Two Feathers Project Aware will promote the healthy social and emotional development of school-aged AI youth and prevent youth violence in school settings through collaborative partnerships with schools, tribal education, and behavioral health program using a tiered behavioral health related promotion, awareness, prevention, and intervention activities in Humboldt County, California.
Two Feathers Project Aware will develop sustainable infrastructure for school-based mental programs and services collaboratively with Two Feathers-Native American Family Services' tribal behavioral health program, Hoopa tribal Education, three Local Education Agencies -- Klamath-Trinity Joint Unified, McKinleyville Union, and Loleta Union Elementary school districts -- along with school personnel, community, families, and school-aged youth.

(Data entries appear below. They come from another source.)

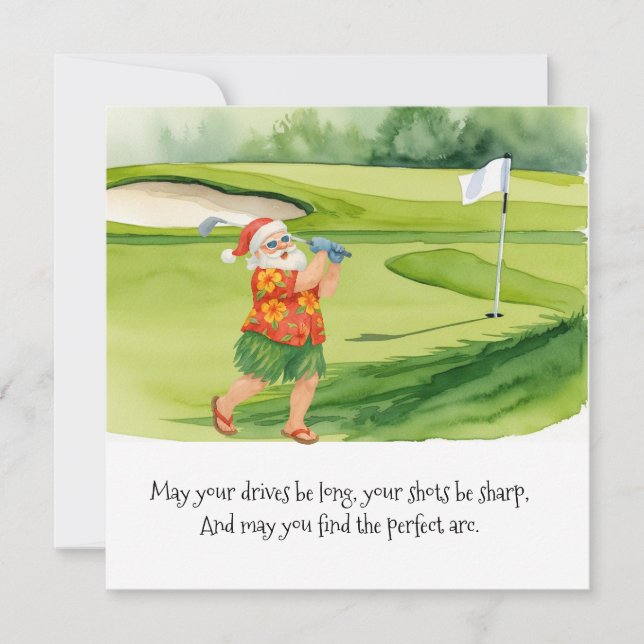 Golf Christmas with golf ball and tee with ribbon Holiday Card (Front)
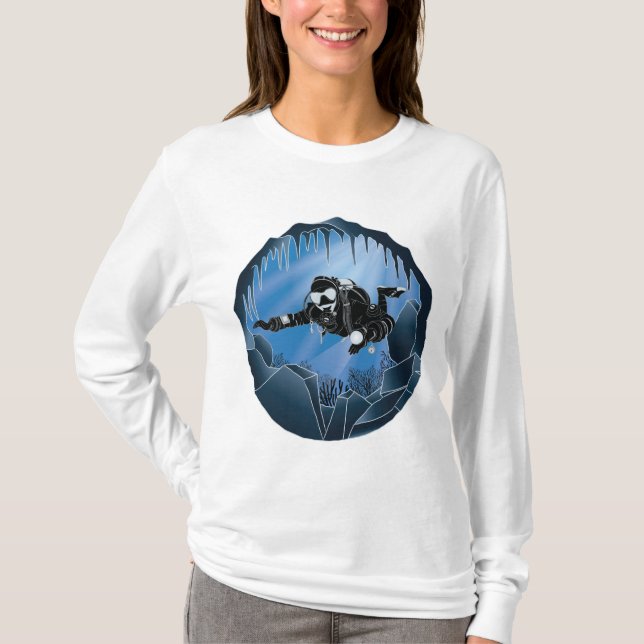 Höhlentauchen - Unterwassertaucher T-Shirt (Vorderseite)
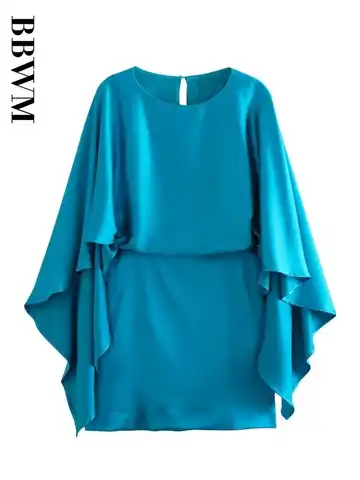 Blue Satin Dresses Summer New Mini Dress Woman Vintage Three Quarter Sleeve Dress Women 2023 Elegant Chic Female Short Dress
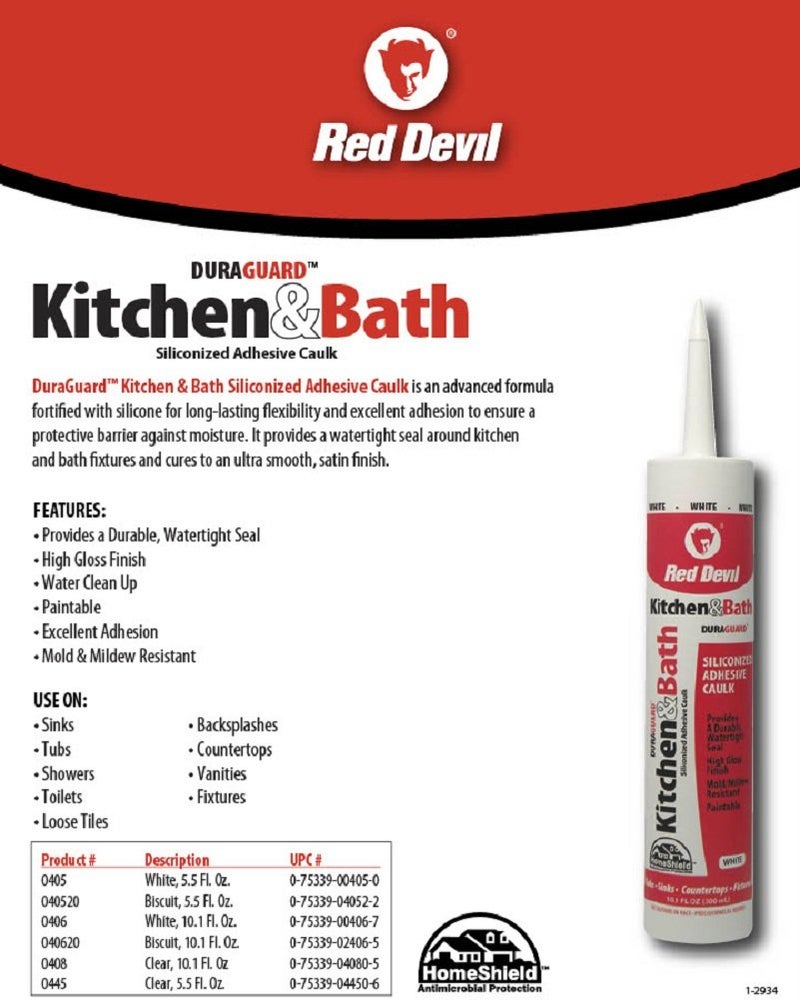 Red Devil 0408 Duraguard Kitchen & Bath Siliconized Acrylic Caulk, 10.1 oz., Clear, 12 Pack, Made in USA - Image 3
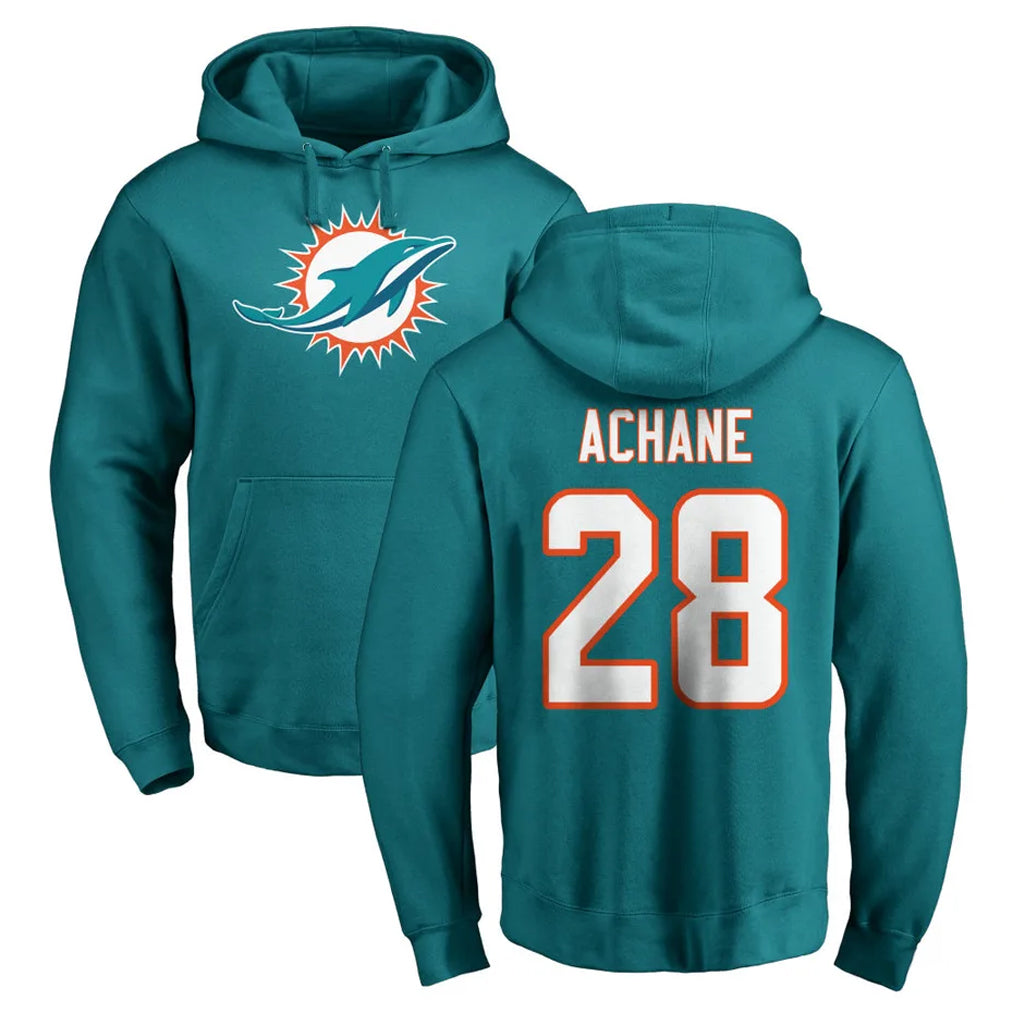M.Dolphins #28 De'Von Achane Player Aqua LOGO Pullover Hoodies Limited Odoa Stitched Jerseys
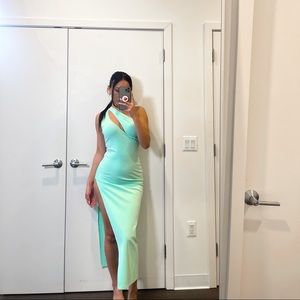 Sea foam green cut out midi dress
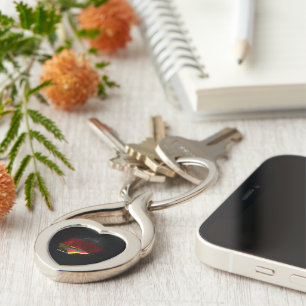 Tysklands flagga twisted heart silverfärgad nyckelring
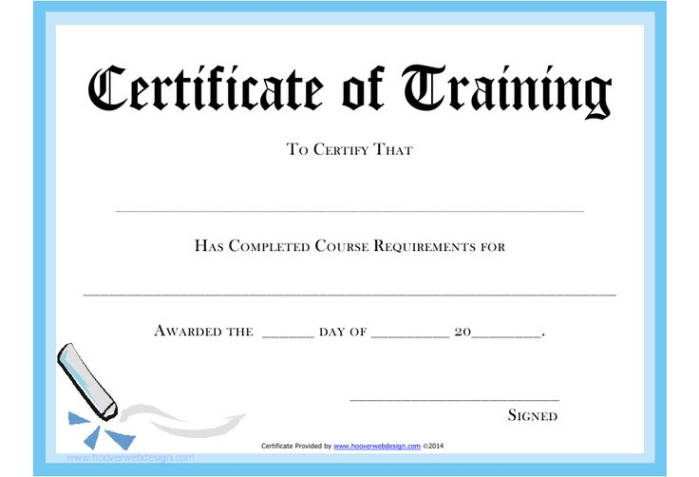 Free Printable On The Job Training Certificate Template Sample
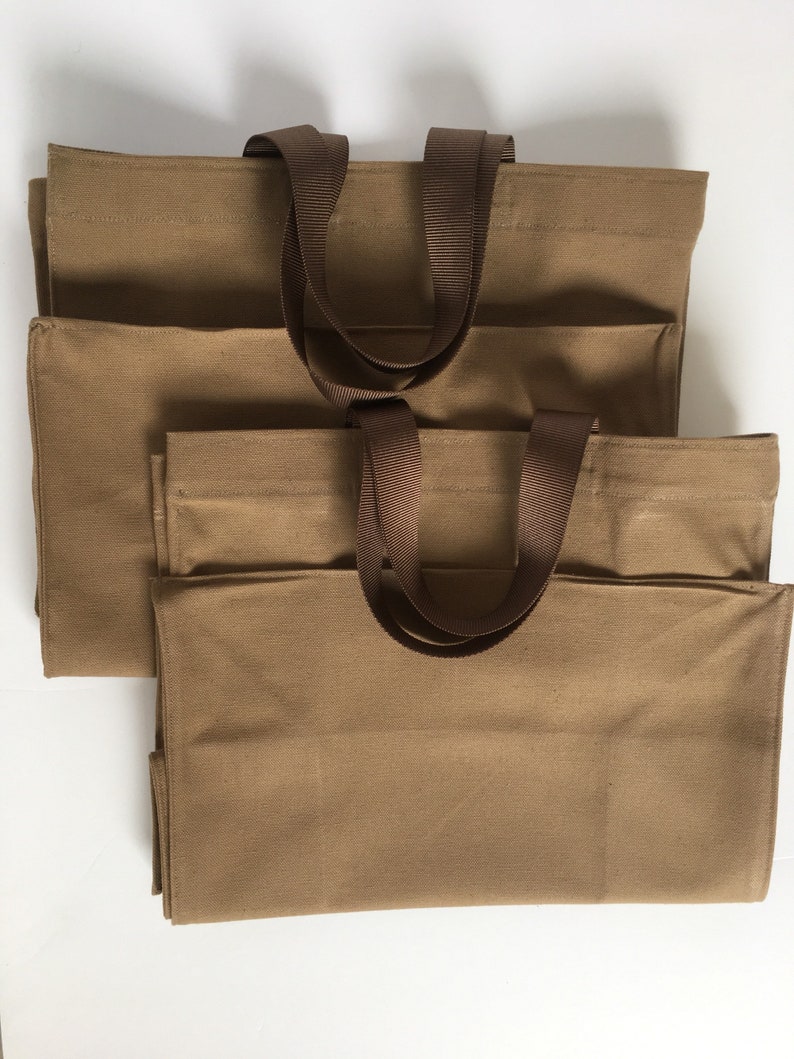 SET OF TWO//Grocery bags, canvas totes, Plain canvas, grocery sack, market tote, grocery tote, Brown sack, Brown grocery bag, no writing image 6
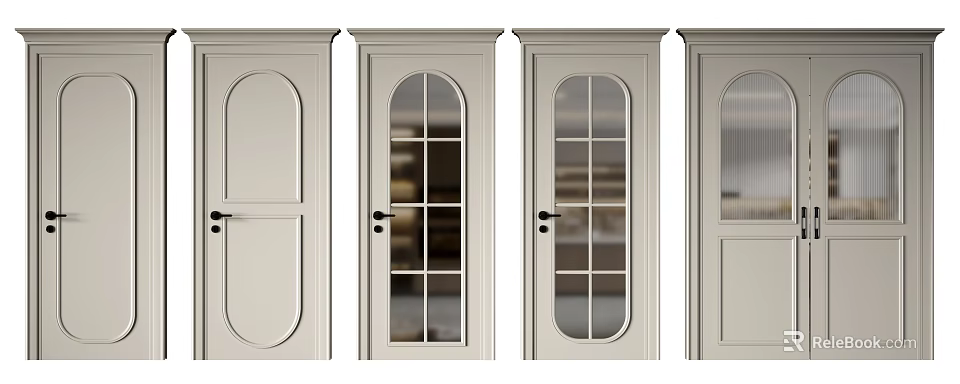 Multiple Styles Interior Hinged Doors With Glass Panels And Paneled Designs 3d model 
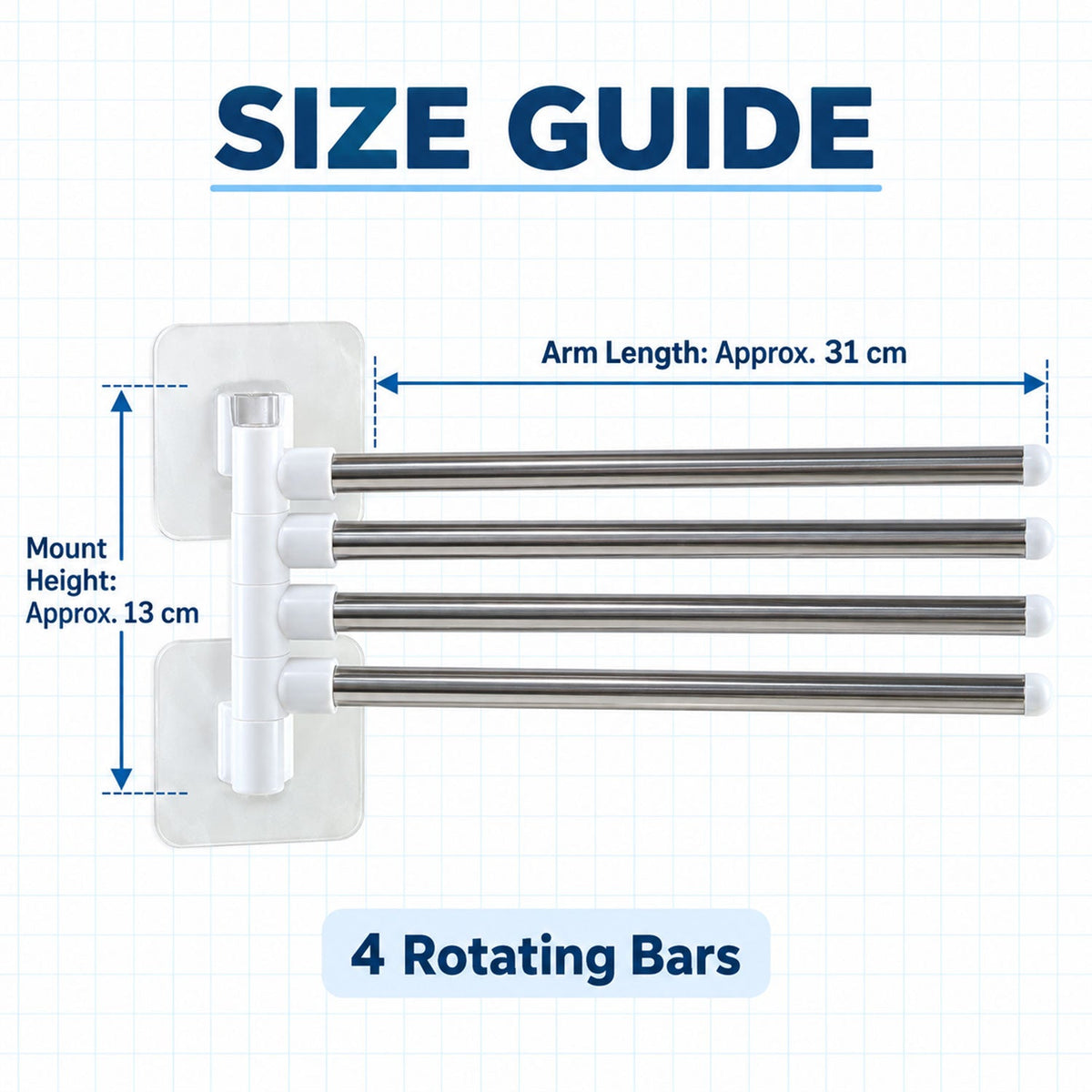 Four Bar Swivel Wall Mounted Towel Rack For Bathroom And Kitchen (1 Pc)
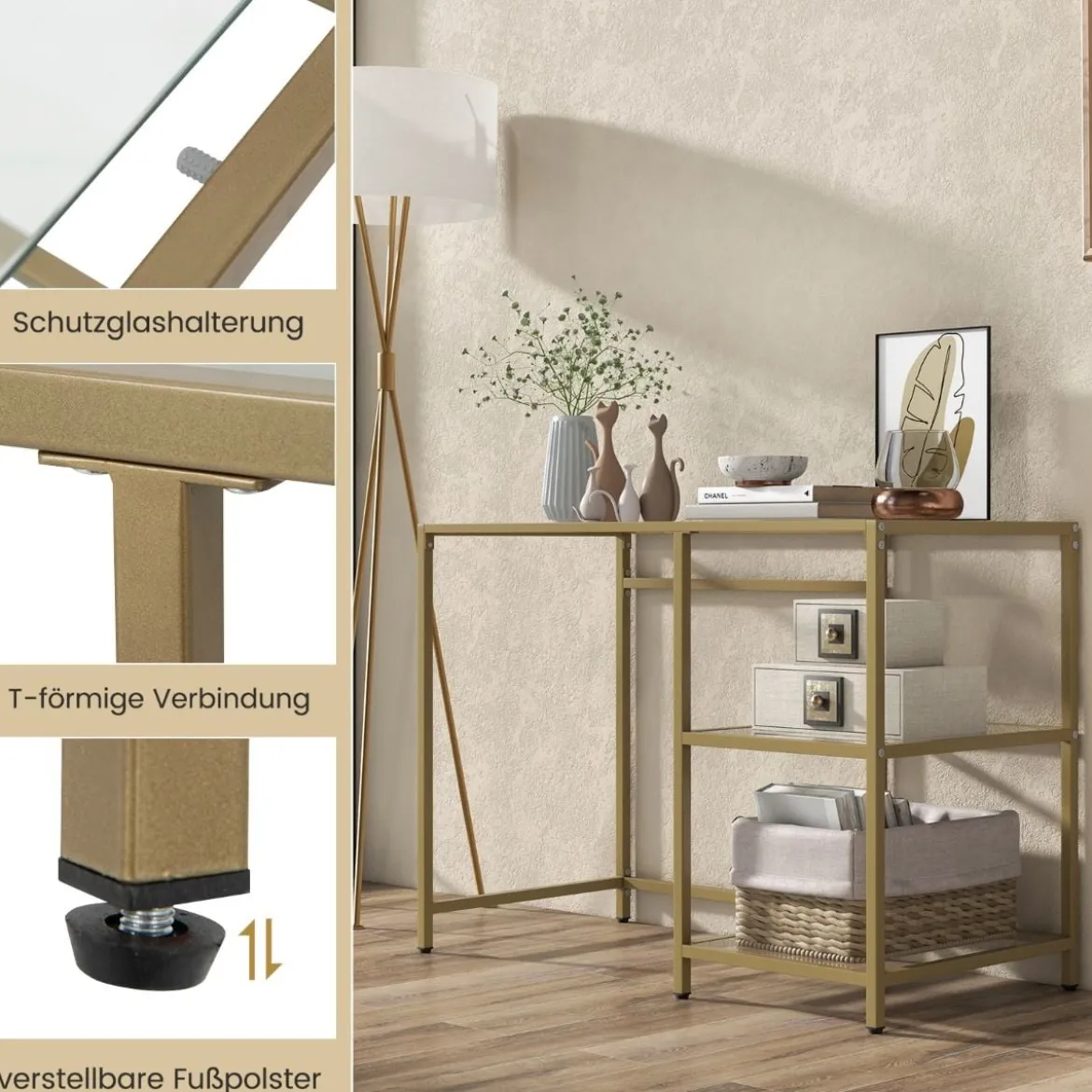 Konsolentisch aus Glas mit 2 Regalen & Metallgestell Sofatisch 106 x 51 x 76 cm Gold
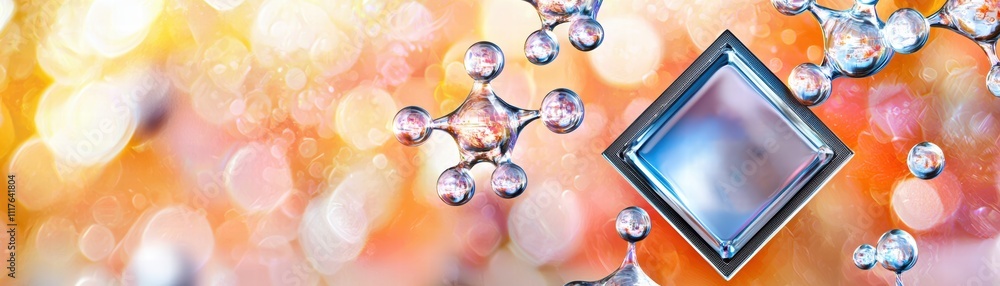 Poster transparent bonding as exploring quantum computing a closeup of a vibrant quantum chip in an ai-driv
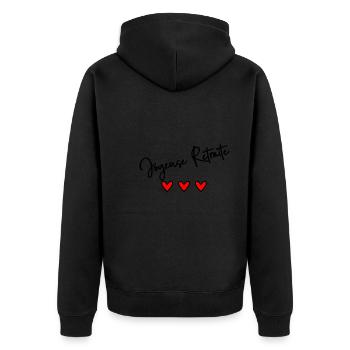 RETRAITE. BONNE RETRAITE. JOYEUSE RETRAITE - Veste à capuche bio Premium Unisexe - noir - Dos - Nico (187cm)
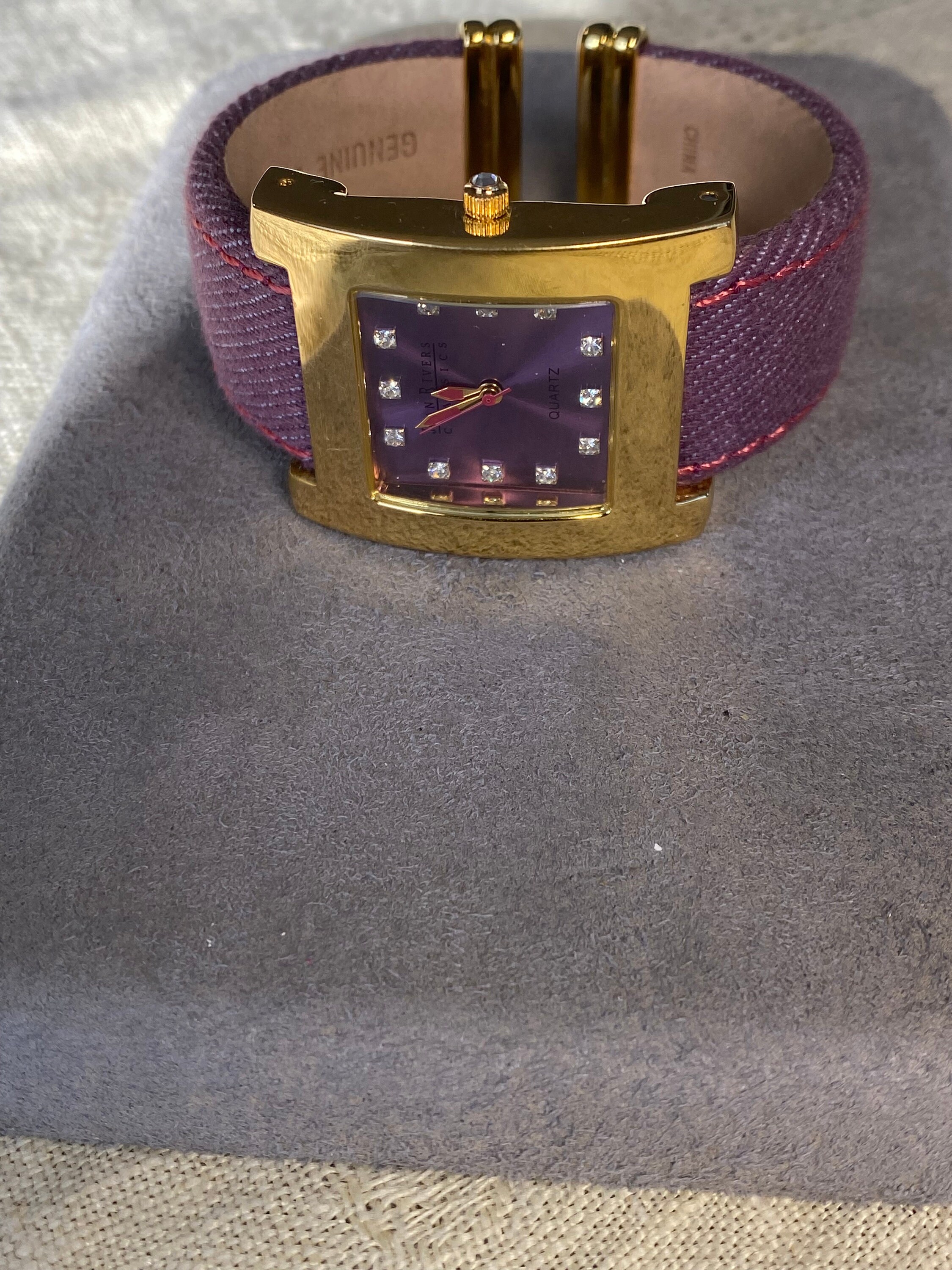 Joan Rivers Classic Ladies Wristwatch Gold Tone Metal and Purple Leather Strap Joan Rivers Classics Women Blue Mother of Pearl 34mm Leather  main image 2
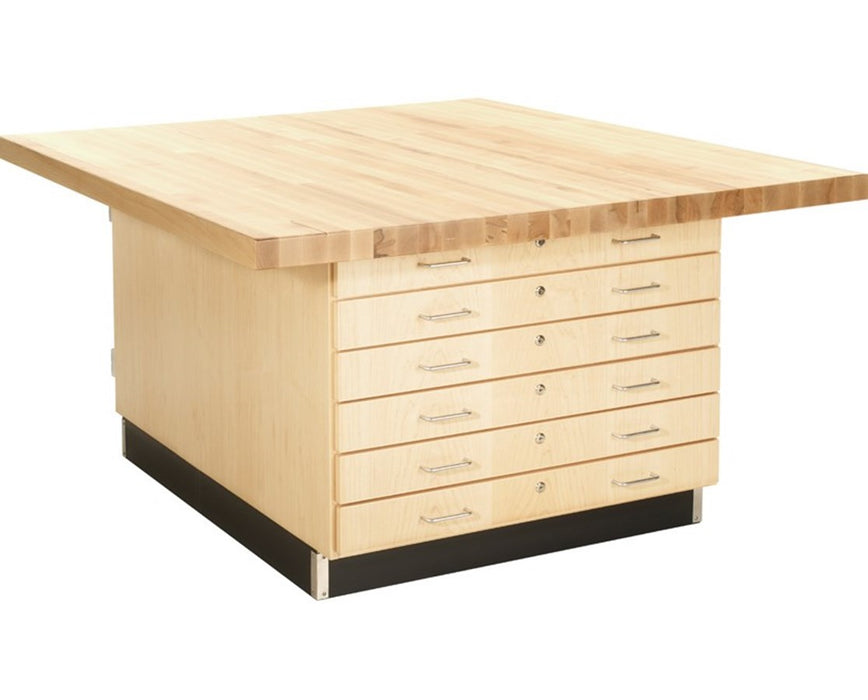 Double-Faced Wood Workbench w/ 6 Drawers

The goals of this grant are to: 1. Increase awareness of mental health, substance use, and co-occurring disorders among school-aged youth, 2. Increase the mental health literacy of individuals who interact with school-aged youth to understand and detect the signs and symptoms of mental illness, substance use/misuse, and co-occurring disorders, 3. Promote and foster resilience building and mental health well-being for all school-aged youth, 4. Provide positive behavioral health supports; targeted services to those who need more support; and intensive services to those who need them, 5. Connect school-aged youth who may have behavioral health issues, including serious emotional disturbance or serious mental illness, and their families to needed services, and 6. Increase and improve access to culturally relevant, developmentally appropriate, and trauma-informed school and community-based AWARE activities and services.
Two Feathers will use a public health tiered service model that includes the following strategies and components: Needs Assessment, Workforce Development and Training Planning, Sustainability Planning, Public Health Tier 1-3 Intervention. Intervention will include Project Venture, Mental Health First Aid, Question-Persuade-Refer, Youth Ambassadors and Work Pods, Screening and Brief Intervention, Referral, Treatment, PHQ9, CRAFFT, crisis intervention, safety planning, care coordination, and direct provision of behavioral treatment services.
The impact of this program will be measured by the 1. number of individuals who have received training in prevention or mental health promotion, 2. number of organizations that entered into formal written MOUs and MOAs to improve mental-health related practices, 3. number of individuals screened for mental health or related interventions, services, or referral, 4. improvements in mental health-related knowledge, attitudes, and beliefs, 5. trainings conducted and delivery method, 6. number of students training by demographics, and 7. number of help-seeking reports made by students after implementation of the policy.